THE EU’s chief Brexit negotiator has said leaving the EU single market and customs union would make Irish border checks “unavoidable”.
Speaking today after the latest round of negotiations ended, Michel Barnier said Britain’s commitment to a so-called ‘hard Brexit’ meant that new border checks would have to be installed.
"Once again it is important to tell the truth," Mr Barnier told a press conference in Brussels.
"A UK decision to leave the single market and to leave the customs union would make border checks unavoidable.
“Any solution must be precise, clear and unambiguous."
Barnier said Britain has to accept the "consequences" of its decisions.
Earlier this week, Downing Street said the UK would be leaving the customs union post-Brexit.
— BBC News (UK) (@BBCNews) February 9, 2018
But Mr Barnier said the EU will prepare a draft treaty that would see Northern Ireland remain in the trading bloc.
He insisted that the EU had no choice but to begin drafting the deal because Theresa May’s government had not offered a solution to the issue of the Irish border.
Barnier added that three "substantial" disagreements remain with between Downing Street and Brussels over plans for a transition period after Brexit, adding: "If these disagreements persist the transition is not a given."

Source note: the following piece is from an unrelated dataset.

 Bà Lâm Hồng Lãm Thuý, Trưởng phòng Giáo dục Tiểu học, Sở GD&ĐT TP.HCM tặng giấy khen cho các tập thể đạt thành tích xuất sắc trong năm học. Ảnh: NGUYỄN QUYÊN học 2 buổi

The row is the latest intensification of tensions between the powers after David Davis branded the EU “discourteous” for publishing plans which would allow it to impose sanctions on the Britain during its transition period.
In December, Number 10 said it would prevent a hard border either in an overall deal, a special deal for Northern Ireland or by continuing to follow some EU rules.
Mr Barnier said the EU must now begin legally defining how the latter would function and "there must be no ambiguity here".